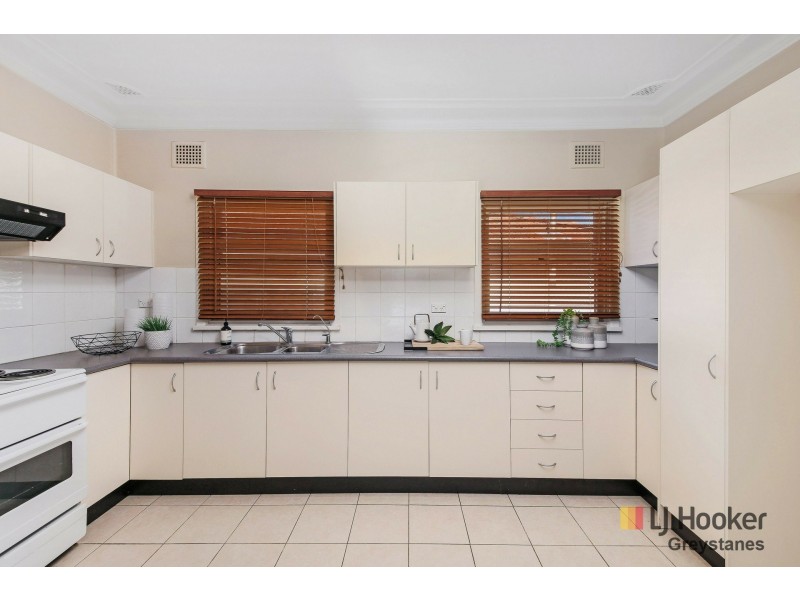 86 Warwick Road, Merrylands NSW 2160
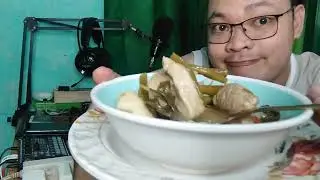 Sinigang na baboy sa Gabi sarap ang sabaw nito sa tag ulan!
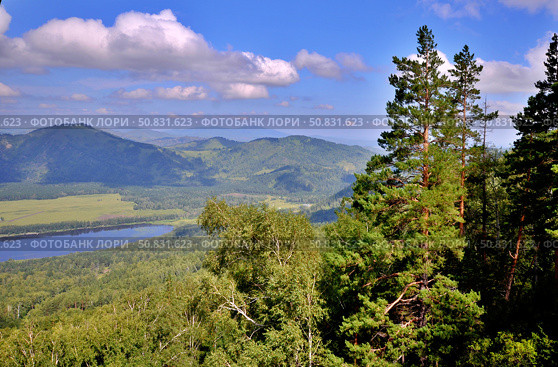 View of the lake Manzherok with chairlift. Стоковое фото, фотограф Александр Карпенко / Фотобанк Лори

### Your assignment
Pictures are to be dropped, and the lines from the line with "Sinigang na baboy" through the end of the material above are to be reproduced exactly.

### Expected output
 Sinigang na baboy sa Gabi sarap ang sabaw nito sa tag ulan!
 View of the lake Manzherok with chairlift. Стоковое фото, фотограф Александр Карпенко / Фотобанк Лори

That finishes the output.